Without including any pictures, please copy every entry below exactly.

Given data:
----------

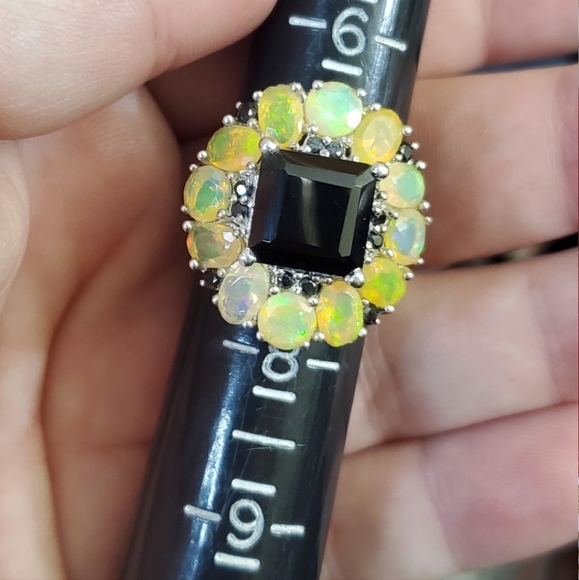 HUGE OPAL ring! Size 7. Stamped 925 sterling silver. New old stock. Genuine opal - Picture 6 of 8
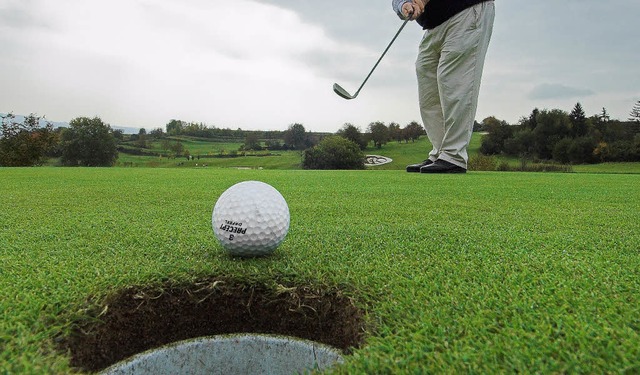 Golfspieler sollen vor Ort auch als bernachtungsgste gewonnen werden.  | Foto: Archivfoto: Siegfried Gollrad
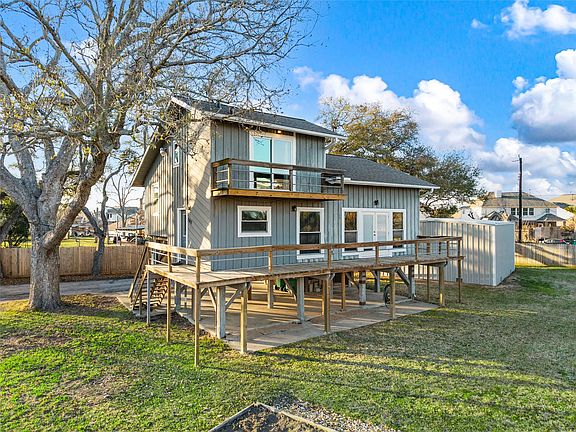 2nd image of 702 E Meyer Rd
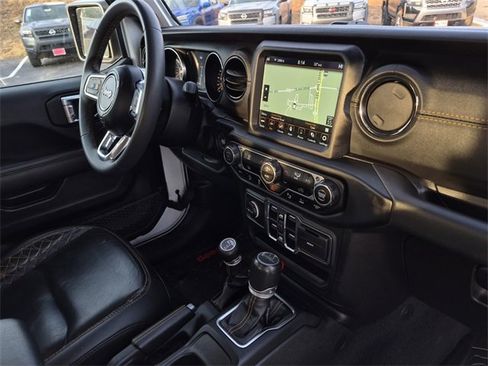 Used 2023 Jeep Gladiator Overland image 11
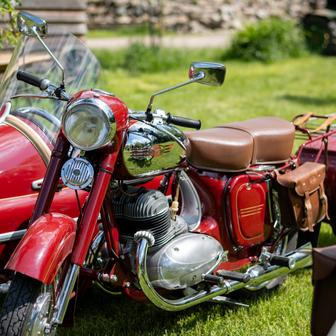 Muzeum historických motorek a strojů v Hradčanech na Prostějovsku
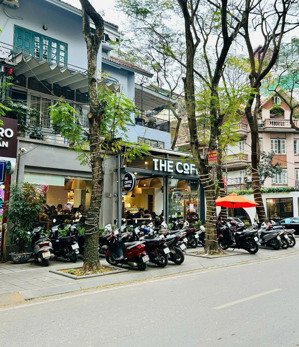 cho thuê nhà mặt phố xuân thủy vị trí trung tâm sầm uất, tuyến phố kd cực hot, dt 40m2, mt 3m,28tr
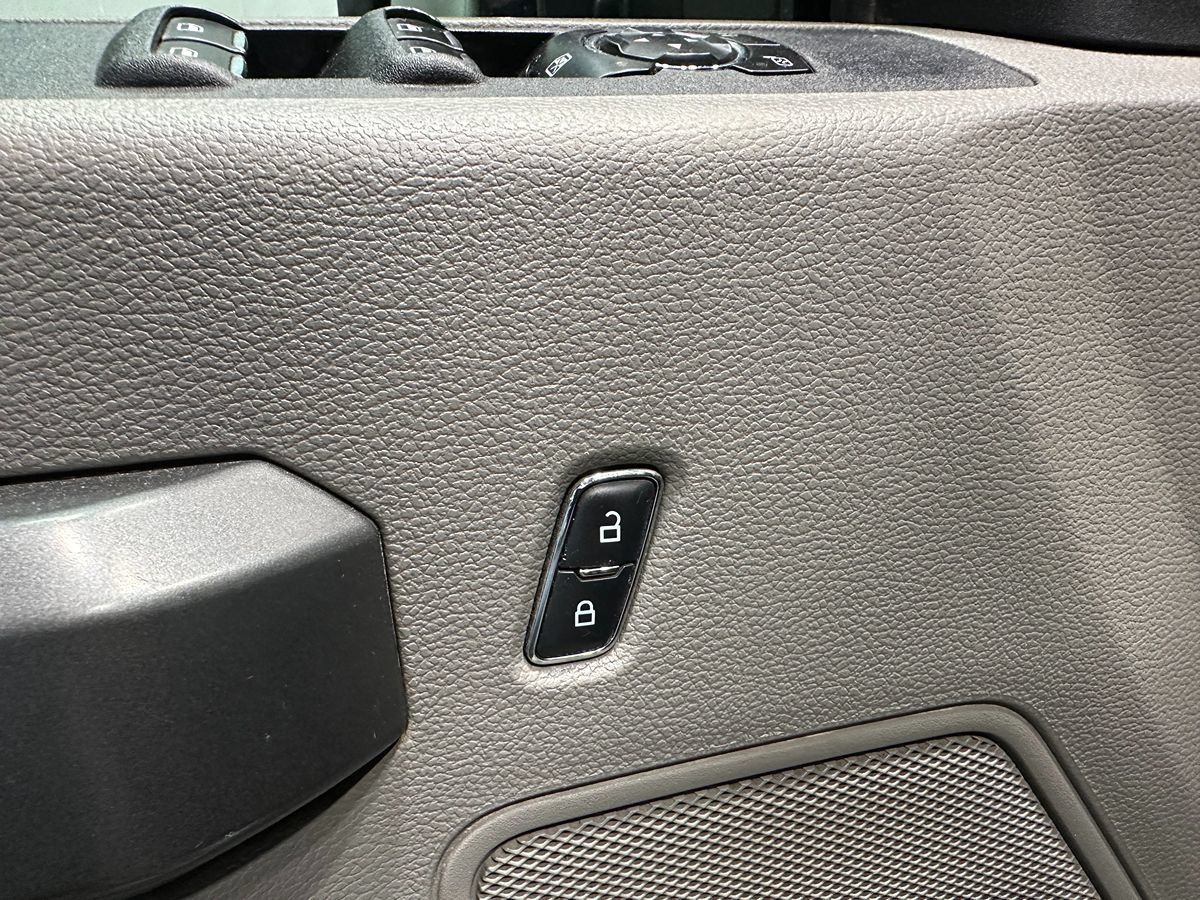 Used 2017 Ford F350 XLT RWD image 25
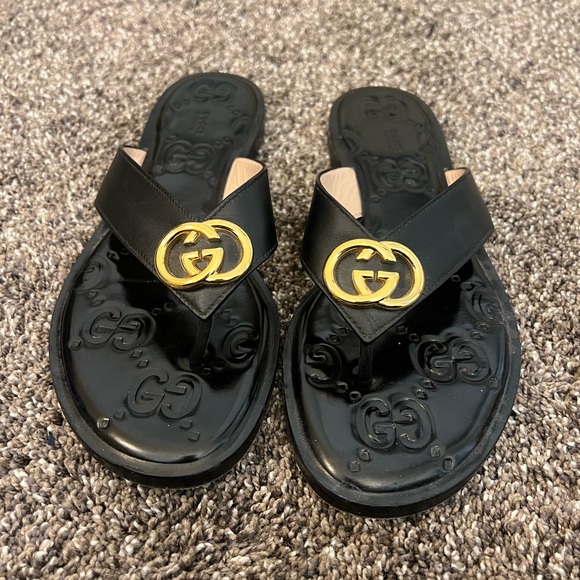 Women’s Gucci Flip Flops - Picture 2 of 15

----------

Solution to this problem:
 HUGE OPAL ring! Size 7. Stamped 925 sterling silver. New old stock. Genuine opal - Picture 6 of 8
 Golfspieler sollen vor Ort auch als bernachtungsgste gewonnen werden.  | Foto: Archivfoto: Siegfried Gollrad
 2nd image of 702 E Meyer Rd
 Used 2023 Jeep Gladiator Overland image 11
 Muzeum historických motorek a strojů v Hradčanech na Prostějovsku
 cho thuê nhà mặt phố xuân thủy vị trí trung tâm sầm uất, tuyến phố kd cực hot, dt 40m2, mt 3m,28tr
 Used 2017 Ford F350 XLT RWD image 25
 Women’s Gucci Flip Flops - Picture 2 of 15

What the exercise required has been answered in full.